More than 100 Juneau residents filled the Mendenhall Valley Public Library Monday evening for a question and answer session with four state leaders on the oil tax referendum voters will decide on next month.
Proponents of the “Yes” side — those who oppose SB21, and therefore are voting “yes” to repeal it — included democratic Rep. Les Gara of Anchorage and Lisa Weissler, a Juneau attorney specializing in oil, gas and mining law. They faced off against former Alaska Electric Light & Power president Bill Corbus and Jim Clark, the chief-of-staff under Gov. Frank Murkowski’s administration.
During the first hour, the forum was dedicated to prepared questions, such as, “What happens if Alaskans vote to repeal SB21? Does the state go back to the old system, or what?”
“Voting ‘Yes’ will put ACES back in place, and I believe we’ll go back then and write a smarter law that takes the best of everything we can find but doesn’t give away the farm,” Gara said, adding that the Democrat-backed proposal focuses on providing financing for smaller independent oil companies hoping to get involved with North Slope oil.
Advocating for a reform to the oil tax law that only granted tax credits on investment in Alaska, Gara said repealing SB21 now will give Alaskans a better product in the near future that includes strengths from both sides of the debate.
Clark emphasized that SB21 will need to be tweaked as time goes on — saying Alaskans should “mend, not end” — and Corbus agreed, saying this tax structure is good for Alaska over the “mid-to-long term.”
“If we go back to ACES, the industry is going to take that as a sign that Alaska is not a good place to do business,” Corbus said, explaining that the industry’s projected investment figures rose by about 33 percent as a result of SB21 becoming law.
“I would expect the industry would back off those figures, and that we would be looking at less investment in Alaska and you’d see us return to the decline that we’ve observed in oil production over the last six years — maybe accelerating,” he added.

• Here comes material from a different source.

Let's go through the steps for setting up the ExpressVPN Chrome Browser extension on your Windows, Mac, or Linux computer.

A contentious debate arose between Gara and Clark over one of the staples in SB21 — the base production tax rate. Put simply, Clark says it’s 35 percent; Gara says that is only true if the price of oil hits $160 a barrel.

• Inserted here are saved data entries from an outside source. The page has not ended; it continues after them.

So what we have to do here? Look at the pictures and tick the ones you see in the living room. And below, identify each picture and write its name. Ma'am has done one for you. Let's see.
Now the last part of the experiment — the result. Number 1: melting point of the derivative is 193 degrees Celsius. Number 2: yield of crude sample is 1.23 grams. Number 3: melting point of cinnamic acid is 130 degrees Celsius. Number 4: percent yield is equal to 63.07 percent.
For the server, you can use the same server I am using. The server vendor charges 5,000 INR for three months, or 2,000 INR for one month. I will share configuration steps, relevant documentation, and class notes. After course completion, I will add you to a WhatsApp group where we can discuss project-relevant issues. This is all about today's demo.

A section in the law identifies that number as 35 percent after listing a series of exceptions to that rule, but Gara points to an oft-cited report from May by Scott Goldsmith that includes a chart that indicates the “effective tax rates” only hit 35 percent when oil approaches the $160 threshold. According to the chart, the effective rate at approximately $110 a barrel is around 27 percent.
Clark defended the prospect of lower tax rates for larger quantities of oil as an economic positive for the state’s revenue stream.

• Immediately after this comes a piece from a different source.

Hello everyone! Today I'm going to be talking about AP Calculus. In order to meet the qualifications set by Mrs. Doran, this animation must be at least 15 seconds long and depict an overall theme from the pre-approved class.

“With that much oil...all we need is an increase of 2-to-4 percent, and that increase — even at lower tax rates — will produce more total revenue for the state than going to ACES’ asymmetrical tax system and hoping that the wars in the Middle East continue so that the price of oil goes up and we can recover,” Clark said.
Alaskans will determine the fate of SB21 at the polls on Aug. 19.